Redundancy and resilience defined
Redundancy – refers to the level of backup equipment a data centre has to take over when the primary equipment or infrastructure fails.
Resilience – refers to a data centre’s ability to continue operating when there has been equipment failure or anything else disrupting normal operation.
Redundancy and resilience are similar, and both are dealing with the same topic, but the key difference between them is redundancy is about specific equipment’s capacity, and resilience is about the data centre as a whole being able to continue operating.
To further complicate the discussion, the more redundancies a data centre has in place, the more resilient they will be. Although, there are other factors that contribute to resiliency, like having staff on site 24 hours a day and preventing equipment failure in the first place.
When talking to a data centre operator, make sure they explain the reasons behind their resiliency claims. If they claim to be highly resilient without explaining their redundancies, you should be suspicious. And if you want to cut to the chase, when considering data centres, look straight at their level of redundancy with certain equipment, which will be expressed in the unit of N.
Redundancy expressed as N
N – is a unit of measurement which is the amount of redundancy equipment needed to keep a data centre operating. For example, if a data centre could run on the power of one generator, one generator is one N.
The thing to remember about redundancies and N is that N will be a different value for each data centre, as it is always proportional to the data centre’s requirements.
Some common examples of N include:
N = The minimum equipment needed to keep the data centre running
N+1 = The equipment needed to keep the data centre running and one additional piece of equipment
2N = Double the minimum equipment needed to keep the data centre running
The higher the N the more resilient a data centre will be, because it increases the amount of equipment that can fail before the data centre has to begin limiting its operations.
Make sure any data centres you speak to give you the N value of their redundancies for when they are at full capacity, and not for their capacity at the time. Otherwise you might sign a contract having been told they’ll provide 2N redundancy, but a year later – when there are a lot more servers in the data centre – they actually provide less redundancy than that.
Examples of redundancy and resilience within a data centre
Different elements of a data centre require different redundancy equipment, but all of these redundancies need to be in place to have the data centre at an acceptable level of resilience. The minimum all of these redundancies should meet is N.

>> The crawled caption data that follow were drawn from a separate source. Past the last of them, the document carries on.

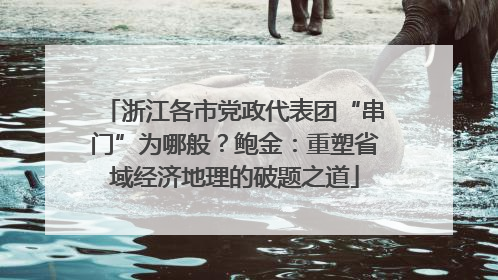 浙江各市党政代表团“串门”为哪般？鲍金：重塑省域经济地理的破题之道
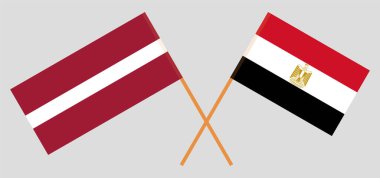 Mısır ve Letonya 'nın çapraz bayrakları
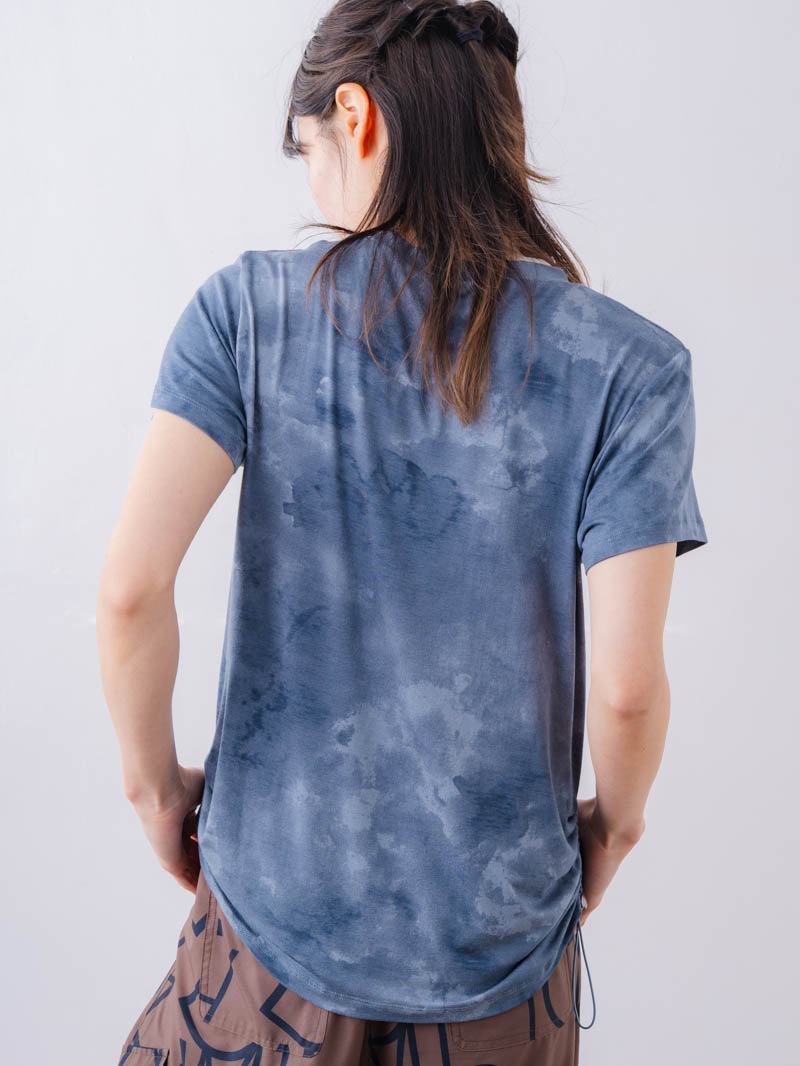 フロッキープリント Tシャツ ブルー 1534-1457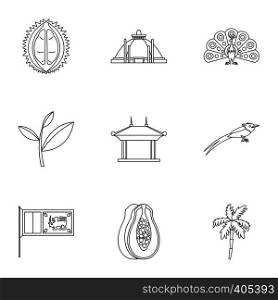 Sri Lanka icons set. Outline illustration of 9 Sri Lanka vector icons for web. Sri Lanka icons set, outline style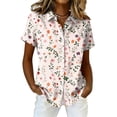 thumbnail image 2 of Women Hawaiian Beach Shirt Soft Cool Tropic Print Short Sleeve V Neck Button Down Vacation Tops Pink XL, 2 of 5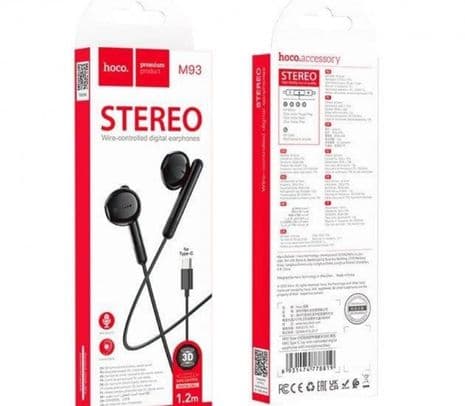 HOCO M93 EARPHONES JOY C/MIC USB-C BLACK - 2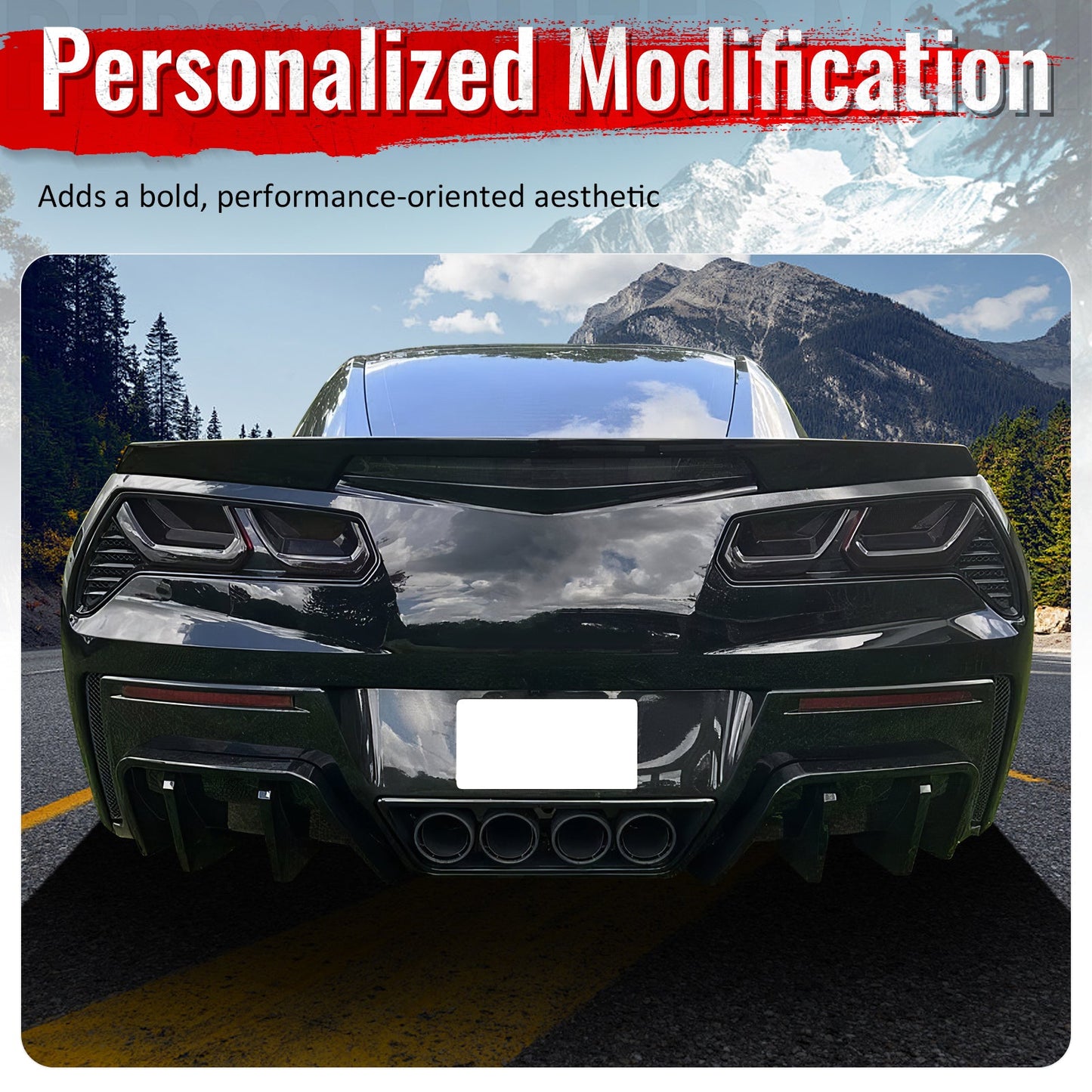 2014-2019 Chevy Corvette IKON Rear Bumper Diffuser Lip PP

A mains power failure is one of the most common reasons behind a computer system failing, so proper power redundancy is absolutely essential to a data centre. Power redundancy has two elements to it: UPSs (Uninterruptible Power Supplies) to keep all of the servers powered when the mains fails, and generators to provide indefinite power until the mains comes back on.
UPSs are effectively large batteries that the mains power is fed through to the data centre, so when there is a power failure the battery is drained, keeping everything powered until the generators can be turned on. As well as N, it’s important to learn how long a data centre’s UPSs are able to keep the servers powered, and how much generator fuel the data centre keeps on site.
Regardless of the cooling method a data centre deploys – whether it’s aircon units, cooling towers, or even immersion cooling – their cooling redundancy can still be expressed in N, which will give you an idea of how resilient their cooling is. Another important factor for their resilience is how often something goes wrong with the data centre’s cooling system, if they’re relying on their redundancy regularly then that is a red flag.
A data centre should have multiple lines laid connecting them to the internet, achieving the redundancy score greater than N. To truly achieve a good level of resiliency these lines should be geographically diverse, so that if something damages one of them the other one won’t be affected because it is in a different location.
Weighing up redundancy and resilience of different data centres
The ultimate thing you need to weigh up is the resilience of the whole data centre. Redundancy is the largest contributor to resiliency, but remember that redundancy in one area won't provide over all resilience. For example: backup generators won't protect your servers from overheating if the cooling system fails.
You will need to work out exactly how you compare the merits of different data centres, but remember to not be blinded by impressive sounding equipment, since maximum uptime is the only thing that matters.